The All-Japan National Ekiden Championships are held for junior high and high school teams in late December, as main track and field outdoor competitions have concluded and the school year is nearing its end. A series of city (2010 Tokyo city championships video), prefectural and regional championships in November (Japanrunningnews) select the representative school teams for the national championship in late December. Competition is school-based rather than club or organization based. No regional all-star teams compete in these championships. At the high school championships, forty seven high schools send boys' teams and 47 send girls' teams to Kyoto, Japan.

==Race format==
Although there is no single definition of ekiden format, for purposes of the Japanese national championships for junior high school and high school, the format has been set. Junior high school in Japan comprises grades 7 through 9, followed by 3 years in high school. For junior high school girls, a team of 5 girls run stages that follow the 3 - 2 - 2 - 2 - 3 kilometer pattern (total 12 kilometers). The boys team is 6 runners following the 3 - 3 - 3 - 3 - 3 - 3 kilometer pattern (total 18 kilometers). High school girls cover a half marathon; 5 runners follow the 6 - 4.1 - 3 - 3 - 5 kilometer pattern (total 21.1 kilometers). High school boys cover a full marathon; 7 runners follow the 10 - 3 - 8.1075 - 8.0875 - 3 - 5 - 5 kilometer pattern (total 42.195 kilometers). Since the high school championships were begun in 1950 (boys) and 1989 (girls), on only 3 occasions has the boys race been slightly shorter; once for the girls. See the Kyoto 2011 girls course map; 2011 boys course map; an interactive map for 2011 showing elevation change too.

==Level of competition==
The high school ekiden is a mixture of middle distance (3 and 5 kilometers) and long distance (8 and 10 kilometers) legs. Japanese athletics considers 3000 meters and 5000 meters to be middle distance running event, whereas others consider them to be long distance. A look at the middle distance high school results in general for Japan (specifically 3000 meters for girls, 5000 meters for boys) provides a preview of the competition in the ekiden. In 2008 in Japan, at the 5000 meter distance, 575 high school boys were under 15:00, beginning 13:33.24. For the high school girls during 2008, for the 3000 meter distance, 485 high school girls were under 10:00, the fastest being 8:58.77.

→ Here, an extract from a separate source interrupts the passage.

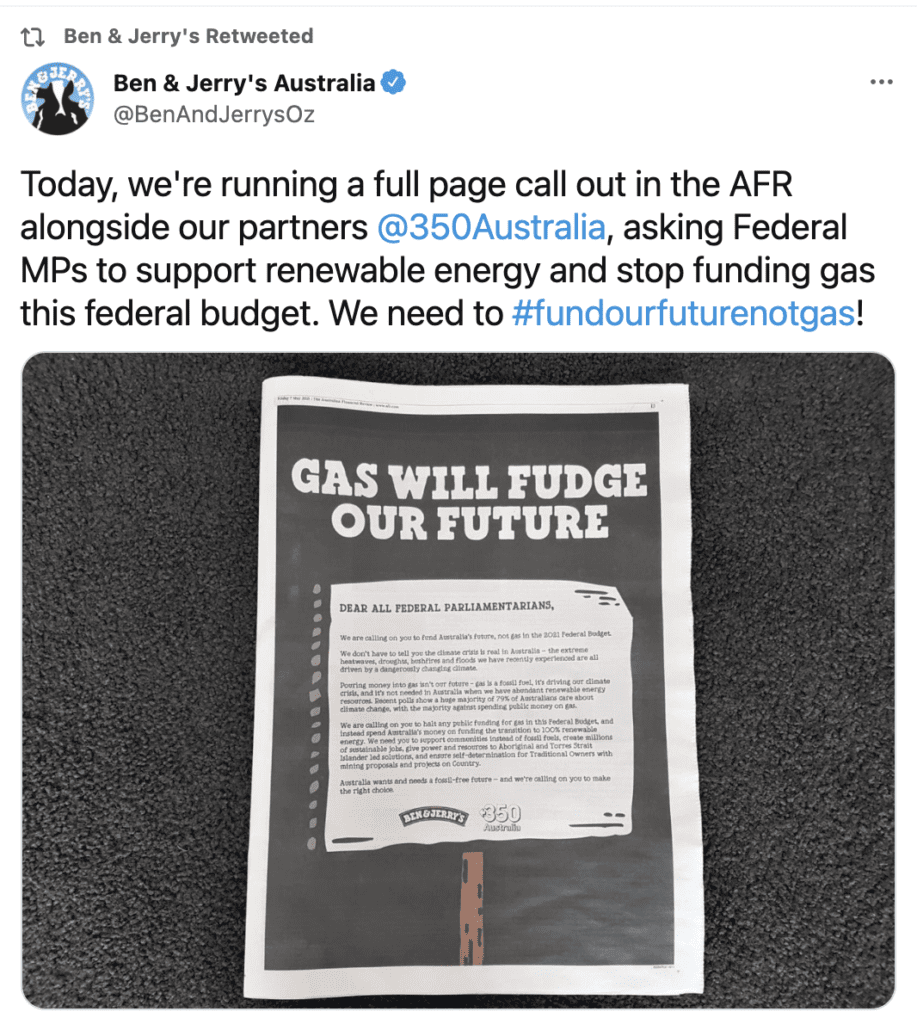 screenshot of a ben & jerry's tweet 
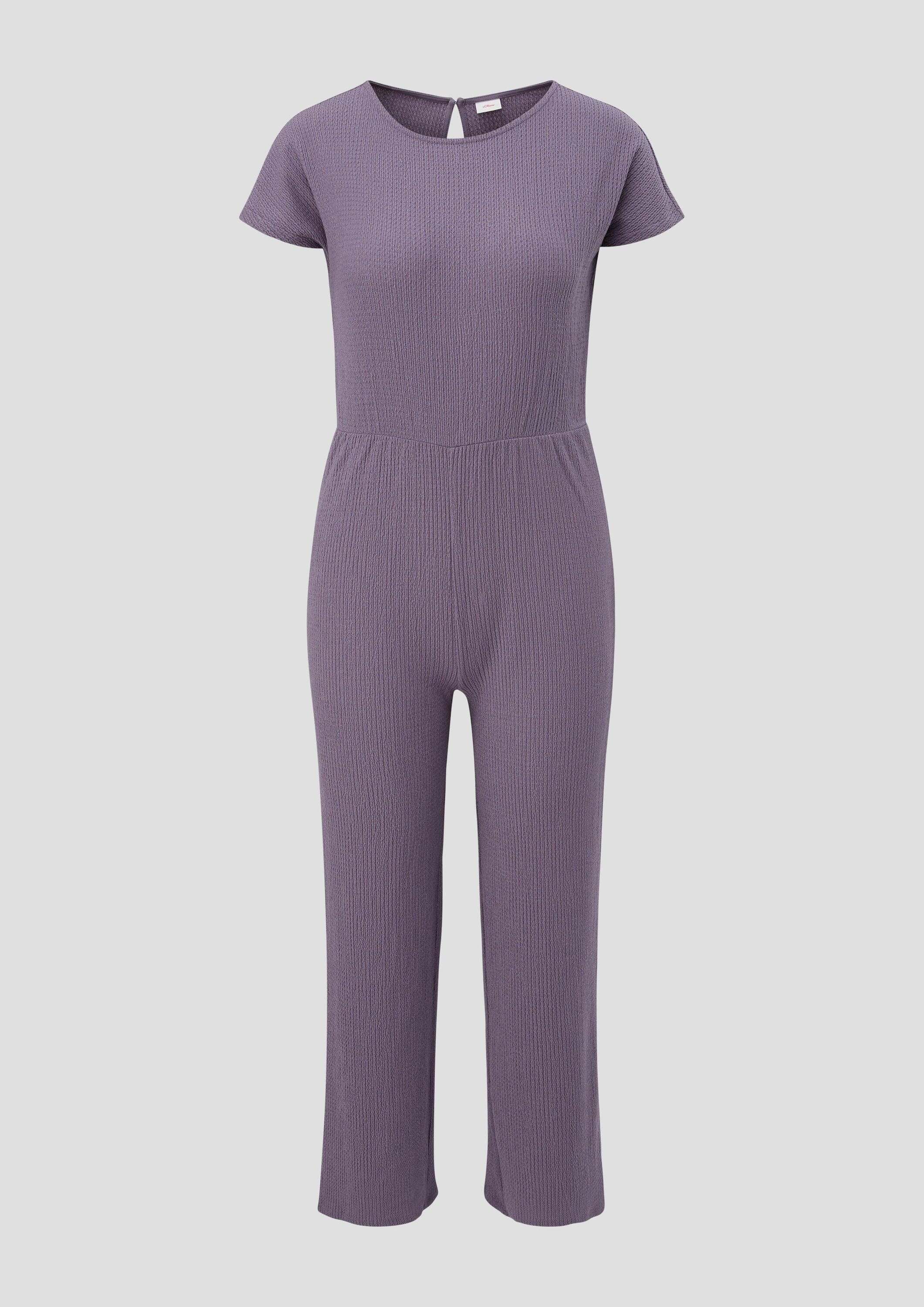 s.Oliver Jumpsuit Overall Jumpsuit aus Crêpe mit Wide Leg und Elastikbund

For the national championship, in all, 290 girls and 329 boys competed in 2008. The girls teams consist of 5 runners and 3 alternates. Of the 47 schools that qualified in 2008, 36 schools listed at least five runners with 3000 meter times under 10:00. Twelve schools had all 8 girls listed under 10:00. The boys teams consist of 7 runners and 3 alternates. Of the schools that qualified in 2008, 31 schools listed at least five runners with 5000 meter times under 15:00. Sixteen schools listed at least 8 runners under 15:00. Data for 2011 can be seen courtesy of NHK (in Japanese): Girls boys. Team profiles for 2011 in English are also available; this source lists the individual best times for a team and the time difference between the first and fifth runner, a standard format for describing cross country team performance in America.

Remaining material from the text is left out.